# WORK REQUEST
Please transcribe only the lines that run from the line bearing "Beyond Grateful Thank You Cards (Front)" to the end of the entries, keeping both end lines. Skip the pictures.

# Items from a dataset

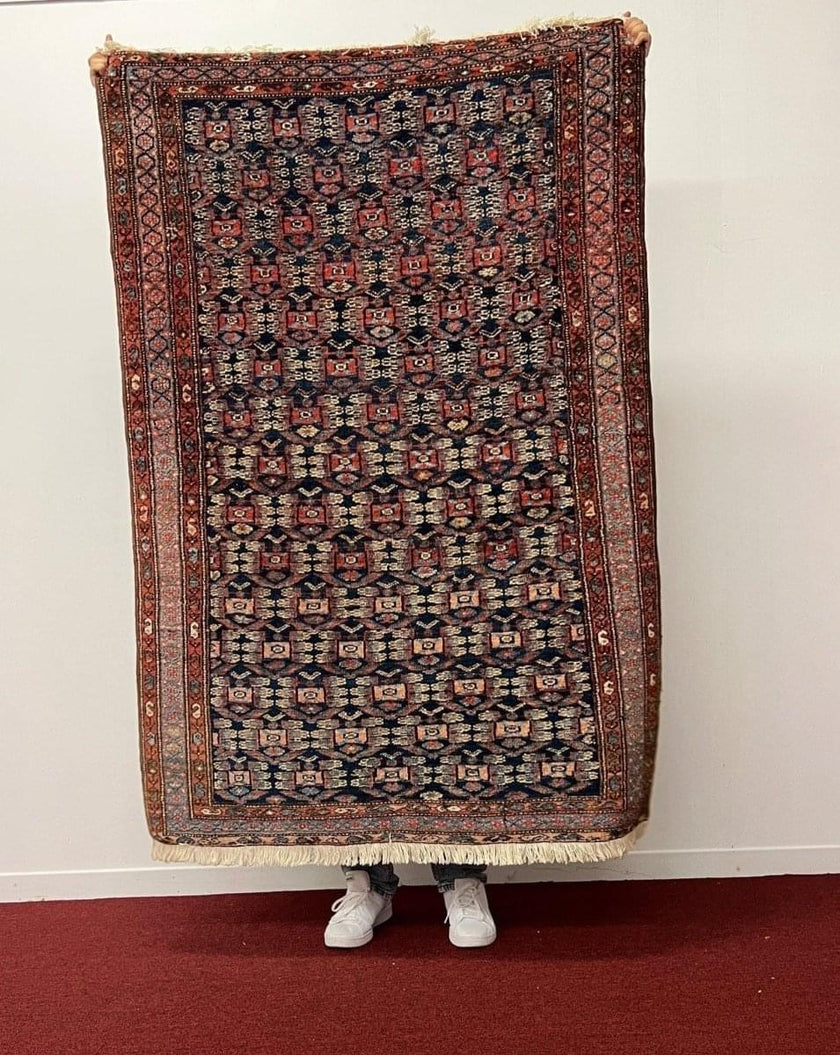 Persian Hamadan Rug | 5' 9
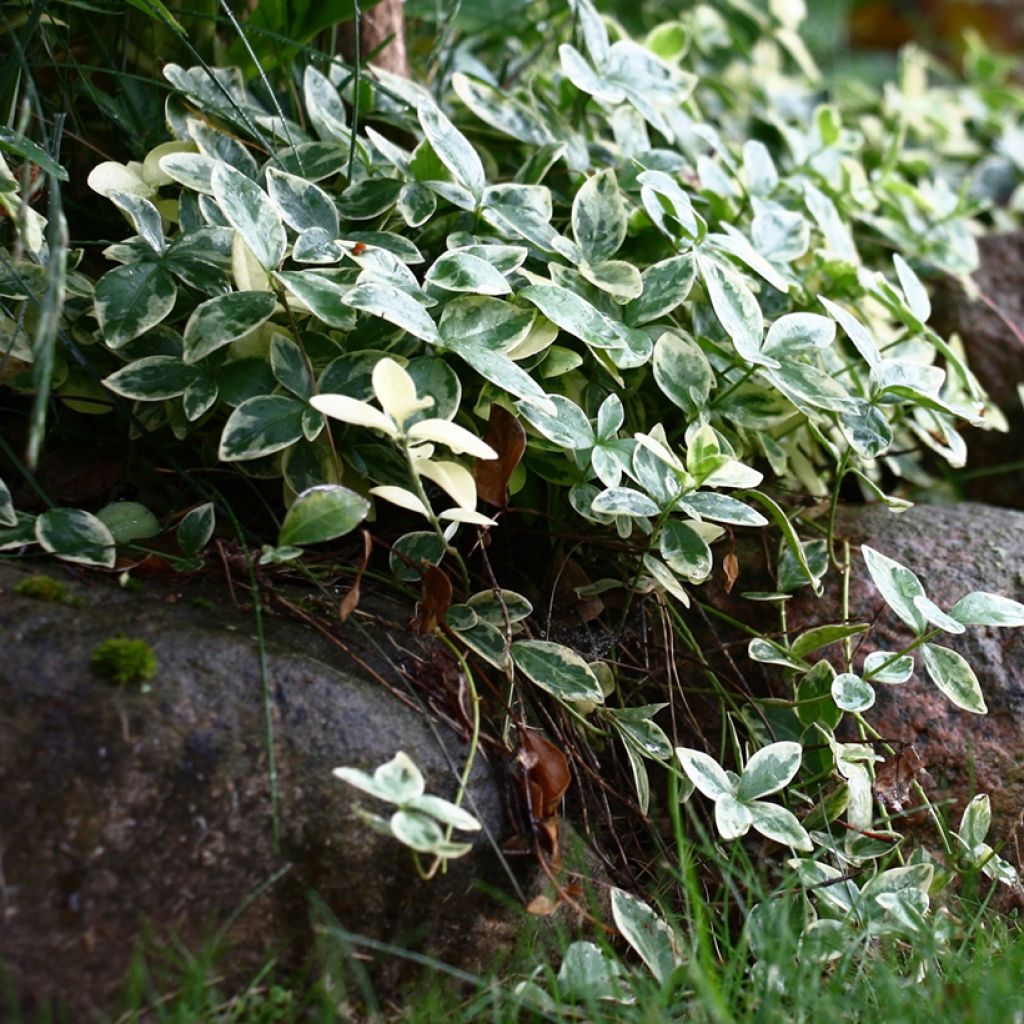 Vinca minor Argenteovariegata - Pervinca minore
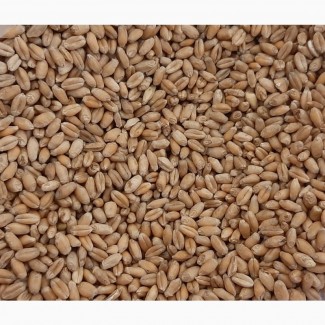 Пшеница кормовая. Урожай 2021 года. Зерно высокого качества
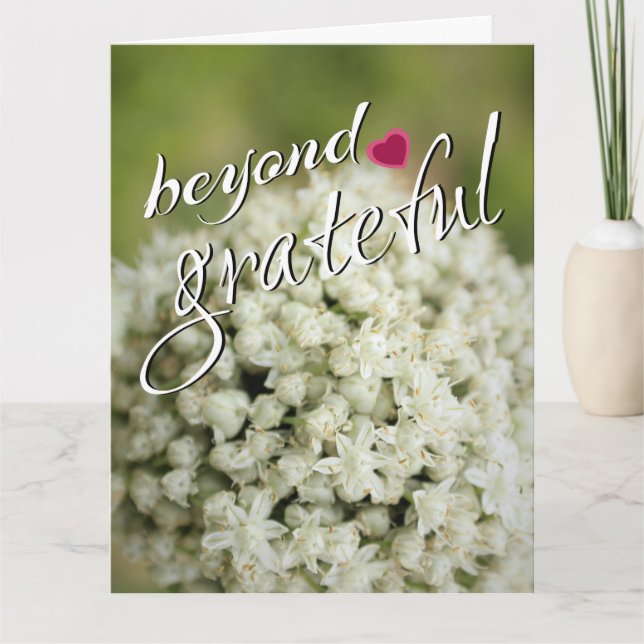 Beyond Grateful Thank You Cards (Front)
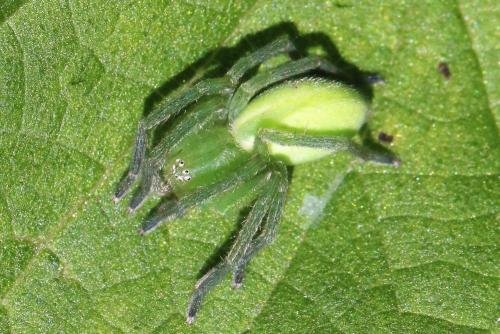 Micrommata virescens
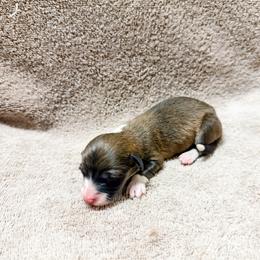 Skittles (Fluffy) - Sable female Pembroke Welsh Corgi puppy in Phelan, California from Desert Sunset Pembroke Welsh Corgis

# EXERCISE ANSWER
 Beyond Grateful Thank You Cards (Front)
 Micrommata virescens
 Skittles (Fluffy) - Sable female Pembroke Welsh Corgi puppy in Phelan, California from Desert Sunset Pembroke Welsh Corgis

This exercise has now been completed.